Lui, Padre lavoratore, si sarà chiesto: io sono chiamato ad educare la Parola fatta Carne? Quali momenti incerti ed esaltanti, oscuramente, hanno aiutato a trovare risposta alla domanda che si sarà posto insieme a Maria: “Io, noi, custodi della Parola fatta Carne e ce lo perdiamo per tre giorni? E che custode sono?”.
Ecco cos’è la custodia che ci affida S. Giuseppe: le tradizioni dei Padri sono la Tradizione della Chiesa: non archeologia, né folclorismo. Custodi della memoria che non dobbiamo solo conservare ciò che i nostri antenati hanno realizzato, cose stupende di fronte al mondo. Dobbiamo far crescere.
Giuseppe è veramente Padre nell’ombra: quasi nascosto rivela la sua presenza in modo dolce e sicuro.
Un quadro che rappresenta la fuga in Egitto raffigura Giuseppe che porge un mazzolino di fiori di campo a Maria e Giuseppe.
Potessimo, ogni padre, ogni uomo, imparare a porgere fiori.
E noi, oggi, come rendiamo presente Giuseppe porgendo fiori ad ogni madre ad ogni bambino? E’ quasi una gloria festeggiare Giuseppe.
Oggi, nella pandemia: chiese vuote, apparentemente dimenticate. Oggi epoca di donne, mamme, uccise e depredate.
Siamo chiamati ad educare a casa, con l’ascolto della Parola, impossibilitati o in difficoltà per un ascolto diretto e partecipato, come popolo di Dio radunato, anche se non fisicamente, nel suo nome.

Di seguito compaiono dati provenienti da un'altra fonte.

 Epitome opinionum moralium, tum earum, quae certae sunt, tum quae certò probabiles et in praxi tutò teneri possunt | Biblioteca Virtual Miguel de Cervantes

La custodia per un lungo cammino si fa con il Pane, che oggi ci viene a mancare, ma la custodia si fa anche con la Parola: l’unica cosa che ci è veramente rimasta. Contempliamola nelle nostre case e, se talvolta ci accorgessimo che la nostra preghiera è simile a quella dell’A.T. (ultimi versetti del Salmo 137) quasi spaventata dalla storia, abbiamo pazienza con noi stessi. Il Signore ne avrà con noi ricordandosi di quando anche lui ha detto: Dio mio! Dio mio! Perché?!
Presbiteri e laici si stanno adoperando per trasmettere nelle case preghiera e celebrazioni e noi partecipiamo dalle case anche lontane, da altre città e paesi, alla preghiera comune. Una presenza inavvertita, comune. Una presenza diversa, dispiaciuta, che ricorda, però, la comune sequela di Gesù che impegna a custodire persone e missioni: che laico sia laico, che presbitero sia tale. Da spettatore a protagonista il laico nella fede. E che si torni a parlare e vivere di fede, non solo di riti, modi e formalità di pratiche di vita cristiana.
Ormai da un anno stanno mutando atteggiamenti, modi di essere e di operare. Non sappiamo quanto incideranno negli animi.
Abbiamo difetti: facciamo in modo di divenire condivisibili non con i ‘mi piace’ dei media, ma con quelli reali della vita. Con senso di ringraziamento per un nuovo modo di annunciare, per questi nuovi messaggeri e ascoltatori della Parola, ignoti l’uno all’altro eppur numerosi, continuiamo a far vivere la fede in un Dio capace di vivere, morire, risorgere.
Dobbiamo far vivere le nostre chiese, come stiamo già facendo anche se è pesante, ma dobbiamo far vivere la Chiesa che è in ognuno e in ogni famiglia perché sia famiglia delle famiglie di Dio.
Oggi, più che mai, la preghiera al Santo Custode ci sia di sostegno e di conforto per la fine della pandemia.